Update when user interacts

Hi all,

For our new product, we use ElectronJS to build an application in combination with the UP Squared. This application is a kind-of POS system. These devices are going to stores all around the world and will be used by people all day. So, updating whenever there is an update is not what we want and have in mind, because then the customer can’t use his/her system anymore when the containers are restarting. And when the ElectronJS container is restarting, the whole application quits and starts again. Again, not what we want.

In earlier products, we didn’t use containers and made a update system, that downloads a package, opens the package and installs what needs to be installed. Using containers is much more flexible and more reliable. But in BalenaOS, whenever I push an update, every device installs that update.

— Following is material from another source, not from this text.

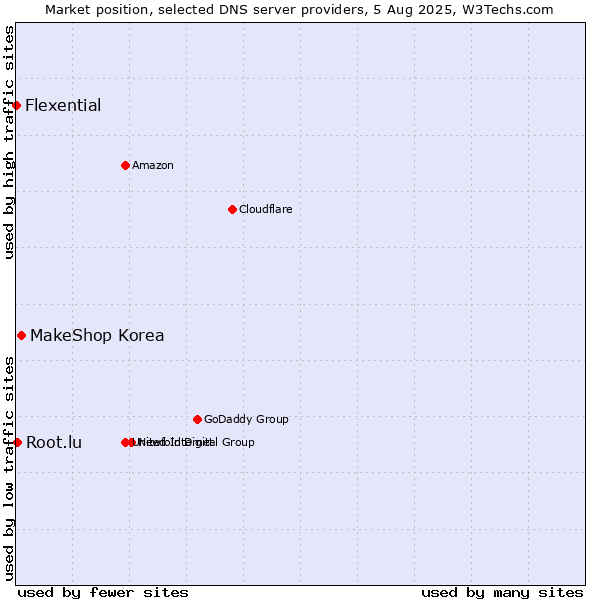 Market position of MakeShop Korea vs. Root.lu vs. Flexential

I know about the lock files and Balena Supervisor API, but I was wondering if anyone has any suggestions to tackle two problems,

So, TL;DR, 2 questions:

  • What’s the best way to create a function so that my application is in charge when all containers can update? (So when a user clicks on a button and/or when it’s between 00:00 and 03:00 for example)
  • Is it possible to push an update that only certain devices can download until the update is “published”? So like a fleet of beta-devices and when the update is tested properly, it can be published to all devices.

Thanks in advance!

I am aware of three potential solutions:

1- Staged releases
Use/adapt the “staged releases” scripts found in this repo: https://github.com/balena-io-projects/staged-releases

  • “Rolling release” is the feature by which all devices update ASAP when you push an update to your app. The disable-rolling-release-on-fleet.sh disables that.
  • To trigger an update to a specific device when that device’s user “clicks on a button”, I guess the set-device-to-a-release.sh script could be used/adapted. To be honest I’m not sure if the device itself can run that code, but if not then I suppose the device could contact a server of yours, and the server could run the script.
  • Is it possible to push an update that only certain devices can download until the update is “published”?
    Here enters the update-test-group.sh script.

2- Update strategies
An alternative approach that may be suitable in some cases is to change the supervisor’s “update strategy” as described in this page: https://www.balena.io/docs/learn/deploy/release-strategy/update-strategies/

The strategies are “download-then-kill”, “kill-then-download”, “delete-then-download” and “hand-over”. The “hand-over” strategy is the one potentially useful here, as it could deliver zero downtime if the device has sufficient resources and the app’s logic can be modified to accommodate it.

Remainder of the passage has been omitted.